The ratio of apples to pears is 23 to 2*x*, where *x* is a positive constant.  If the number of apples is reduced by 12, by how many must the number of pears by reduced to maintain the ratio?



Let's start by analyzing the problem step by step.

1. **Define the Variables:**
   - Let the number of apples be \( a \).
   - Let the number of pears be \( p \).
   - The ratio of apples to pears is given as \( \frac{a}{p} = \frac{23}{2x} \).

   Therefore, we have:
   \[
   a = \frac{23}{2x} \times p
   \]

2. **Account for the Reduction in Apples:**
   The problem states that the number of apples is reduced by 12. Let the new number of apples be \( a' = a - 12 \).

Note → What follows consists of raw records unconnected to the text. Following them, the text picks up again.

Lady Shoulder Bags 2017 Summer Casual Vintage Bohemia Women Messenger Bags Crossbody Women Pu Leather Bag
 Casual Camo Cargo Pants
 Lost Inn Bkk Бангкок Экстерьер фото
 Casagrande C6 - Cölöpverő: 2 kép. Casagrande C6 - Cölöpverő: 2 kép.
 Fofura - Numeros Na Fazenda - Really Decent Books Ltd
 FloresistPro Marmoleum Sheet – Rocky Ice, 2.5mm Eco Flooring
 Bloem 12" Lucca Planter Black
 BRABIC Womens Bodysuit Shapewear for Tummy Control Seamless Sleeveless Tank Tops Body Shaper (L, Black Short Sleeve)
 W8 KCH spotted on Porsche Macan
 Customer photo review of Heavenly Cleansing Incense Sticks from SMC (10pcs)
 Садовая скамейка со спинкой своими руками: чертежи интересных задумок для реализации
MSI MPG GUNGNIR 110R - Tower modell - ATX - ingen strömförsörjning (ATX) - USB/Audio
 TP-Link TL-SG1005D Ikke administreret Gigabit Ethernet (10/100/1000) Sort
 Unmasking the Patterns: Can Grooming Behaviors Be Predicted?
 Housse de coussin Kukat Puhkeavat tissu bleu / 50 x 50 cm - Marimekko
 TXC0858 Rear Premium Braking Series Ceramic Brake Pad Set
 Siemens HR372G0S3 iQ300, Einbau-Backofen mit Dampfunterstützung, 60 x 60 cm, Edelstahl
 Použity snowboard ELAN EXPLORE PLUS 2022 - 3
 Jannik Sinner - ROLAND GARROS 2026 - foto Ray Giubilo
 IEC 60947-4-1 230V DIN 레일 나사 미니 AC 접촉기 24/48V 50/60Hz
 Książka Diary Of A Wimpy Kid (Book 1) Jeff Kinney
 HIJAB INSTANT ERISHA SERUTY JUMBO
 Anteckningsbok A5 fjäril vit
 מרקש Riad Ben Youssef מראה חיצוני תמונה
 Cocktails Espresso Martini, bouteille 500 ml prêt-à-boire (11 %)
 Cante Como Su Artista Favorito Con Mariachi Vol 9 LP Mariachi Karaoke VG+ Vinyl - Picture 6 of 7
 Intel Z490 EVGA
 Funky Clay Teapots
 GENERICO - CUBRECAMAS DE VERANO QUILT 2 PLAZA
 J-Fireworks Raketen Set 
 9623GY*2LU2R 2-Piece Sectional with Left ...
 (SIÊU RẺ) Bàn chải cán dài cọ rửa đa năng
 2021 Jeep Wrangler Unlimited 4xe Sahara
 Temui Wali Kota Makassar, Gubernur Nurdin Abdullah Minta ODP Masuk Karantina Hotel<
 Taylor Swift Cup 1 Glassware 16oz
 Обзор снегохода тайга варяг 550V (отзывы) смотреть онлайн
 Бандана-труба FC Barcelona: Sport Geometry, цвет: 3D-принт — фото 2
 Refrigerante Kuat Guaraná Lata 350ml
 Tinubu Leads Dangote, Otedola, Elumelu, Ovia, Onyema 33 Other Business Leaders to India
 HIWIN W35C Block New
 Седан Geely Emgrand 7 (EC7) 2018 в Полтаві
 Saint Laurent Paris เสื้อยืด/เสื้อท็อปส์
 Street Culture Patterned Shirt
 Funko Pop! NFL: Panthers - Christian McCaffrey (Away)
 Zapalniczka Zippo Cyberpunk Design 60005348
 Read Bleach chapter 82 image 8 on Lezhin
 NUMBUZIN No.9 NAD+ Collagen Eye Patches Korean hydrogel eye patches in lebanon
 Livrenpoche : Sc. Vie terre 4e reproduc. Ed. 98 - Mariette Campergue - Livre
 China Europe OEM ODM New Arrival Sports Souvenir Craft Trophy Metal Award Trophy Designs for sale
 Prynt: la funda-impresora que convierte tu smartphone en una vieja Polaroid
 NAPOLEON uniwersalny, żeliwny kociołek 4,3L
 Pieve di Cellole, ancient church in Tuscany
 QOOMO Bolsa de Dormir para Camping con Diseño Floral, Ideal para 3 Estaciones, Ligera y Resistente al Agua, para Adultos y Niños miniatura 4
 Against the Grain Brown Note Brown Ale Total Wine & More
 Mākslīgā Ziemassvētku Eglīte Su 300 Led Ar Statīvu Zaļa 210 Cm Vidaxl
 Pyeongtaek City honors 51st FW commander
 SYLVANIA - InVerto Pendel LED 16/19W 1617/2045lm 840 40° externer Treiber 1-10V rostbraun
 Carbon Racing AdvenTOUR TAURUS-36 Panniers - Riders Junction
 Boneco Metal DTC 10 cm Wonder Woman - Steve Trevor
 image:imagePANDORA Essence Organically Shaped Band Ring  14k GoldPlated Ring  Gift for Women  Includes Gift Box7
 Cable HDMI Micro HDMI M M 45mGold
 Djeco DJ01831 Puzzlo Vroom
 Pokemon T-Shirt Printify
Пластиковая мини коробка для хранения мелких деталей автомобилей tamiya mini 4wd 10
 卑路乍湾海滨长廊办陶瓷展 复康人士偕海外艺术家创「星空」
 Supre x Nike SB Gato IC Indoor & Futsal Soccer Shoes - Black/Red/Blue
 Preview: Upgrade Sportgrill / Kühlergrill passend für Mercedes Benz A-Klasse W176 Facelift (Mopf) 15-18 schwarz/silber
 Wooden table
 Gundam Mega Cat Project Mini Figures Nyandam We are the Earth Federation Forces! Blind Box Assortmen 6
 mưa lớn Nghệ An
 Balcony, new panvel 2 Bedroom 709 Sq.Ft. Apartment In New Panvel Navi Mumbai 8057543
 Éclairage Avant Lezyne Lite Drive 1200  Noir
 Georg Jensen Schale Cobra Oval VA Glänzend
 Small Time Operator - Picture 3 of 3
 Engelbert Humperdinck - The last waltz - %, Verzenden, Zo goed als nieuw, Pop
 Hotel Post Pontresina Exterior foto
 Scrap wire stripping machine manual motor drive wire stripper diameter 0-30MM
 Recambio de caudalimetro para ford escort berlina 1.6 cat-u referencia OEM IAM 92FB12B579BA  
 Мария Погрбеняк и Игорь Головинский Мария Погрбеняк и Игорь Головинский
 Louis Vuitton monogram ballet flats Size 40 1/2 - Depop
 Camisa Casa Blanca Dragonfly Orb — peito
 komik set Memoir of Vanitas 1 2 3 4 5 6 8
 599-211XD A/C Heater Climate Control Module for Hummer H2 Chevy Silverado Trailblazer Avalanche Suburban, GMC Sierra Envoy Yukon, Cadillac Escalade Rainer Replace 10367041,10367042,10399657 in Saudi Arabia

   To maintain the same ratio after this reduction:
   \[
   \frac{a - 12}{p'} = \frac{23}{2x}
   \]
   where \( p' \) is the new number of pears after the reduction.

3. **Express the New Ratio:**
   From the original ratio, we know:
   \[
   a = \frac{23}{2x} \times p
   \]
   Substituting \( a \) in the equation:
   \[
   \frac{\frac{23}{2x} \times p - 12}{p'} = \frac{23}{2x}
   \]

4. **Solve for \( p' \):**
   To find \( p' \), we multiply both sides by \( p' \) and by \( \frac{2x}{23} \):
   \[
   \frac{23}{2x} \times p - 12 = \frac{23}{2x} \times p'
   \]

   Simplifying further:
   \[
   \frac{23}{2x} \times p - \frac{23}{2x} \times p' = 12
   \]

   Factoring out \( \frac{23}{2x} \):
   \[
   \frac{23}{2x} \times (p - p') = 12
   \]

   Now, solve for \( p - p' \):
   \[
   p - p' = \frac{12 \times 2x}{23}
   \]

   The quantity \( p - p' \) represents the reduction in the number of pears required to maintain the ratio.

Thus, the number of pears must be reduced by **\(\frac{24x}{23}\)** to maintain the ratio.

Would you like to explore this further or have any other questions?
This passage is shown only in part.